■ **Work required**
Give an exact reproduction of all the lines in the listing.

■ **Source records**
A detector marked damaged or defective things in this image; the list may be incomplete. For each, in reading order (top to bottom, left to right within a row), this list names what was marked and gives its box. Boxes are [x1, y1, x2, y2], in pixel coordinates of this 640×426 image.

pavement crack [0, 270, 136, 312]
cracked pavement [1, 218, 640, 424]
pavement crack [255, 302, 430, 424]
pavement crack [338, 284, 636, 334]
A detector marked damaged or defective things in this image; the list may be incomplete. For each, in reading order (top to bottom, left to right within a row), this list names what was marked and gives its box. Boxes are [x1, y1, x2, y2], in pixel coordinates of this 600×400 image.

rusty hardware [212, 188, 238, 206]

■ **Written response**
A detector marked damaged or defective things in this image; the list may be incomplete. For each, in reading order (top to bottom, left to right within a row), this list names what was marked and gives its box. Boxes are [x1, y1, x2, y2], in pixel coordinates of this 640×426 image.

pavement crack [0, 270, 136, 312]
cracked pavement [1, 218, 640, 424]
pavement crack [255, 302, 430, 424]
pavement crack [338, 284, 636, 334]
A detector marked damaged or defective things in this image; the list may be incomplete. For each, in reading order (top to bottom, left to right within a row), this list names what was marked and gives its box. Boxes are [x1, y1, x2, y2], in pixel coordinates of this 600×400 image.

rusty hardware [212, 188, 238, 206]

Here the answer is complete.